Top news of the day from across the health care landscape.
To help increase enrollment in the Affordable Care Act health insurance marketplaces, administration officials said they will target young adults especially, who have been slow to sign up, reported Kaiser Health News. The administration plans to send out letters to uninsured individuals, as well as families who paid the individual mandate penalty for not being insured or who claimed an exception about marketplace coverage. In addition to the letters, the administration also plans to send out emails to people who open an account on healthcare.gov but didn’t select a plan and pay a premium, encourage insurers to contact individuals before they turn 26-years-old to inform them about coverage options, and help people pay for transportation to open enrollment events through the ride-sharing service Lyft so they can receive help signing up. Open enrollment begins November 1, 2016, and ends January 31, 2017.
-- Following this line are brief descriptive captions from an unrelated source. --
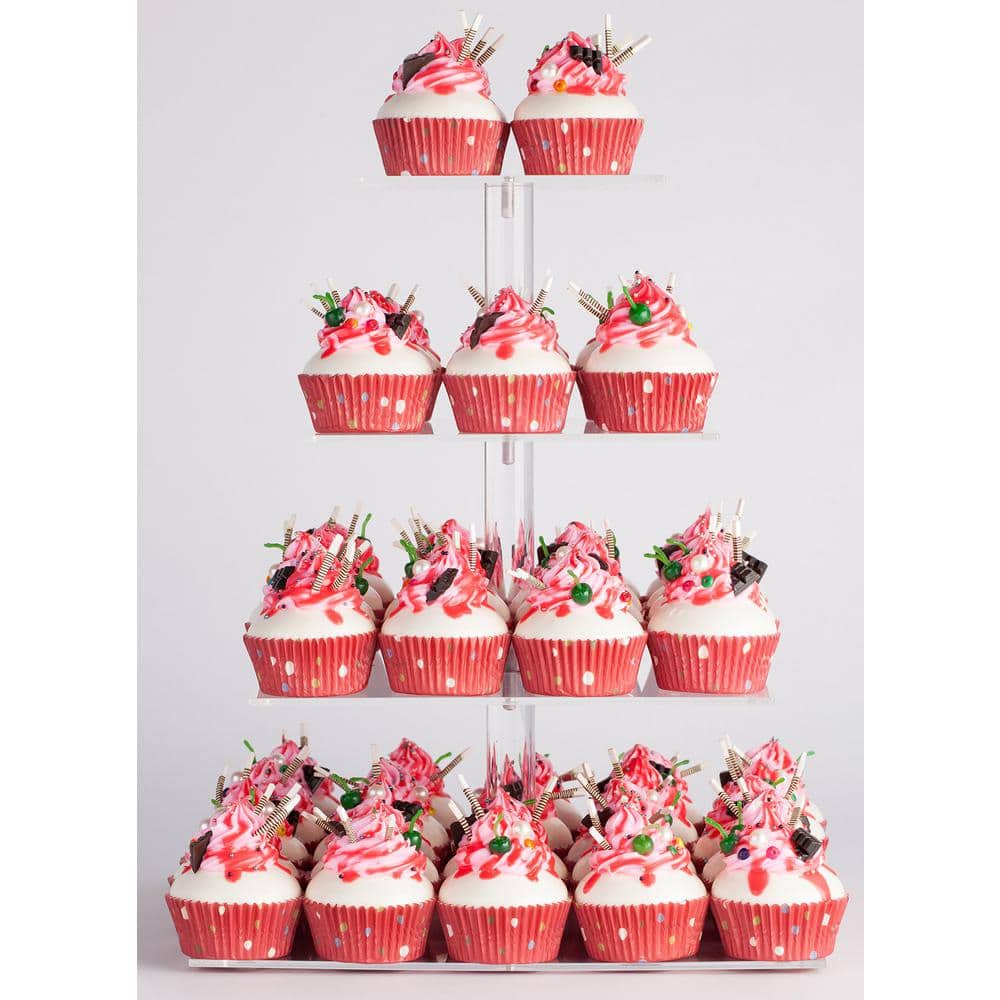 6 in. 4-Tier Acrylic Cupcake Stand Holder with Base, Premium Pastry Candy Dessert Display Tower for Party Birthday Decor price history on PriceWatchPro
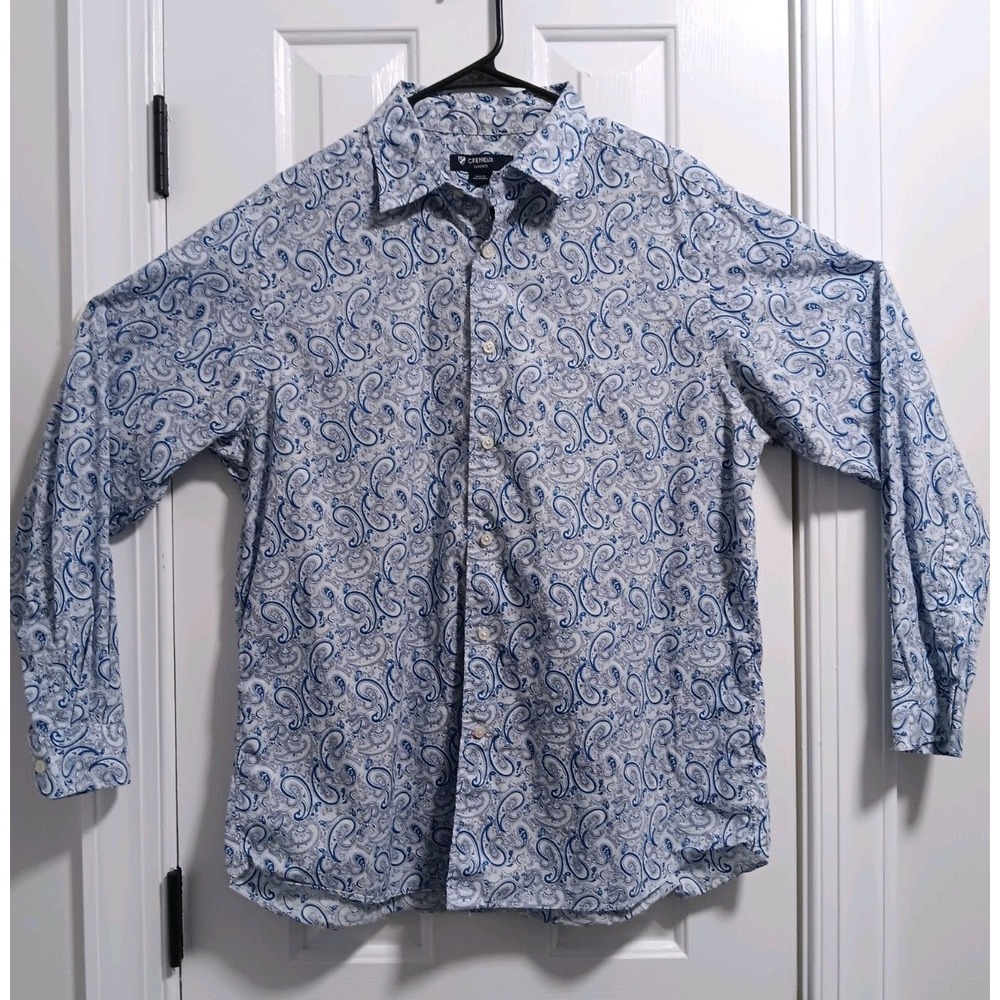 Cremieux Classics Mens Long Sleeve Paisley Button Up Dress Shirt Blue Large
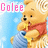 Pixelated Winnie the Pooh holding a honey pot with dripping honey, wearing red shirt and blue pants against light blue background.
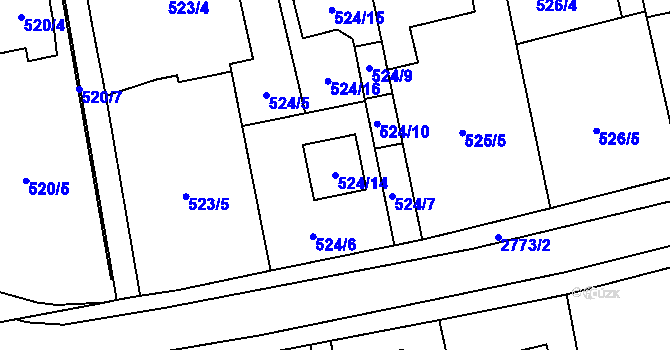 Parcela st. 524/14 v KÚ Kylešovice, Katastrální mapa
A new study conducted by the Urban Institute predicts that the federal forecast of national health care spending was greatly overestimated by $2.6 trillion over a 5-year period, according to The Washington Post. Actuaries for the US Centers for Medicare and Medicaid Services (CMS) projected that, as the economy recovered the low growth in health care, spending would return to higher levels, reaching $4.6 trillion by 2019. However, the expenditure increases are more modest than initially expected. A study funded by the Robert Wood Johnson Foundation predicts that national health spending is on track to reach $4 trillion by 2019.
Impax Laboratories Inc plans to buy a portfolio of generic drugs from Teva Pharmaceutical Industries Ltd and Allergan PLC for $586 million, reported The Wall Street Journal. This new deal will include 15 generic drugs currently being sold in the marketplace, several drugs in the pipeline, and the rights to the generic form of Concerta that was part of a partnership between Teva and Impax.